Un modèle économique sous pression
Whoop a bâti son activité autour d'une formule d'abonnement obligatoire, contrairement à la plupart des montres connectées qui fonctionnent sans frais récurrents. Cette politique a longtemps été justifiée par la nécessité de financer l'analyse avancée des données et les mises à jour logicielles. Mais le projet Goose démontre qu'il est techniquement possible de se passer de cet abonnement. En moins d'une journée, le développeur a réussi à accéder aux données brutes du bracelet et à les rendre exploitables, notamment en les transférant vers d'autres applications de santé.
Goose, une solution de contournement
L'application Goose, dont le code source est ouvert, permet donc de déverrouiller les fonctionnalités du bracelet Whoop sans passer par l'abonnement officiel.

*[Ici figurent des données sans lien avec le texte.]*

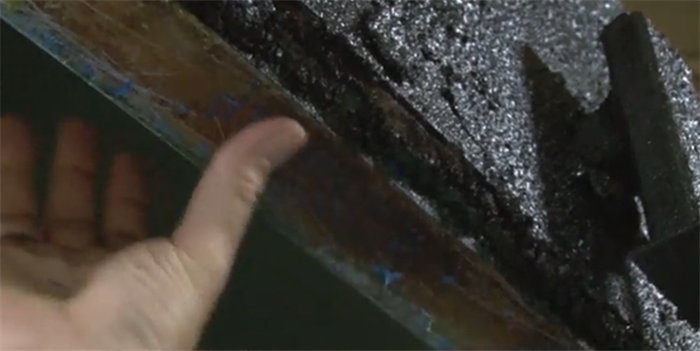 滾塑飛邊毛刺太頭疼？Stoner M520 ZIP-SLIP一招搞定，效率質(zhì)量雙飆升！   -2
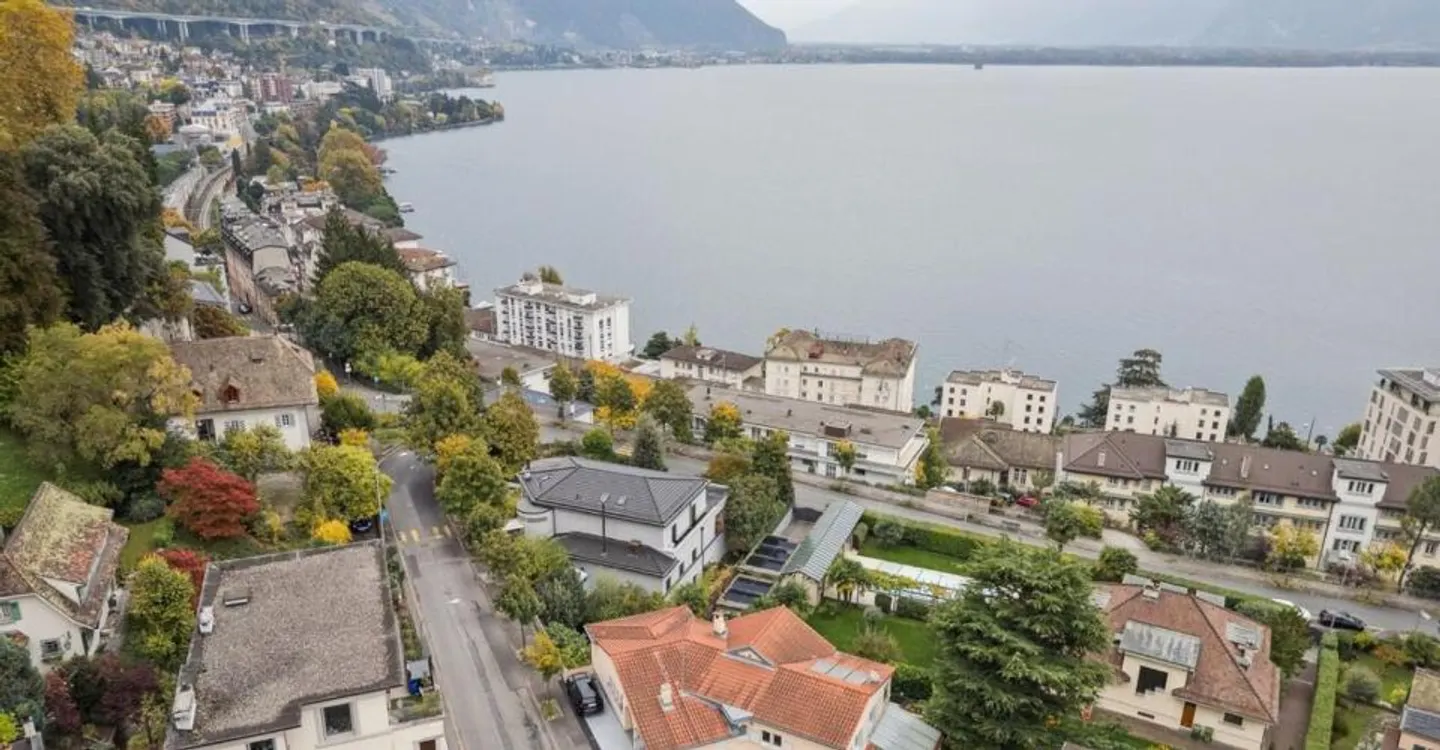 Lo spirito di una casa, il comfort di un appartamento - Vista magnifica - Foto 13 di 13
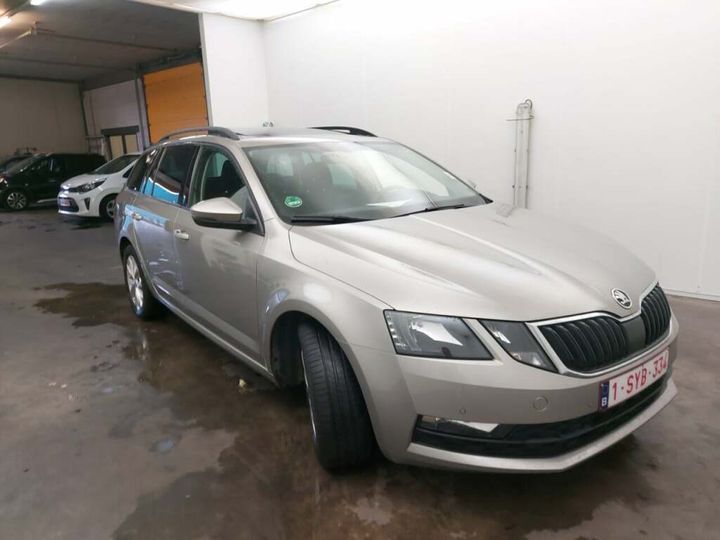 Photo 24 VIN: TMBJG7NE1J0108769 - SKODA OCTAVIA 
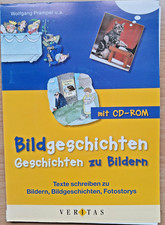 Bildgeschichten Geschichten zu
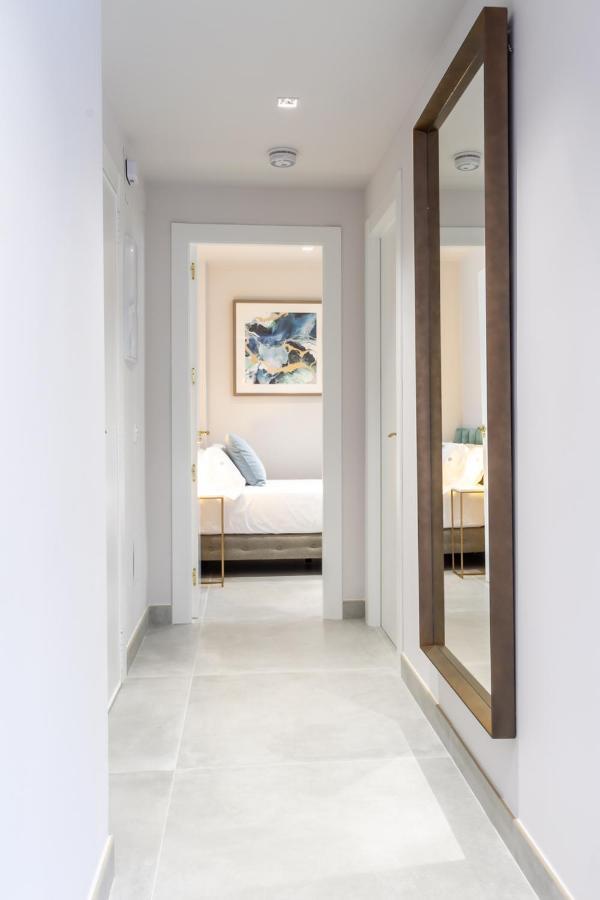 Marbella Banus Suites - Bird Of Paradise Playas Del Duque Banus Suite Apartment Zewnętrze zdjęcie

Concrètement, elle lit les informations collectées par les capteurs (fréquence cardiaque, sommeil, activité) et les met à disposition de l'utilisateur, qui peut les consulter ou les partager avec d'autres services. Ce projet a vu le jour en un temps record, ce qui illustre la relative fragilité du verrouillage logiciel mis en place par Whoop.
Quels risques pour Whoop ?
Pour l'entreprise, l'apparition de Goose représente un danger potentiel. Si d'autres utilisateurs adoptent cette solution de contournement, le modèle d'abonnement obligatoire pourrait s'effondrer. Whoop pourrait être contraint de réagir, soit en renforçant les protections logicielles de son bracelet, soit en modifiant sa politique tarifaire. À ce stade, le groupe n'a pas communiqué officiellement sur le sujet. Le projet open source, quant à lui, continue d'être développé et pourrait attirer une communauté d'utilisateurs soucieux de conserver le contrôle de leurs données de santé sans payer de redevance.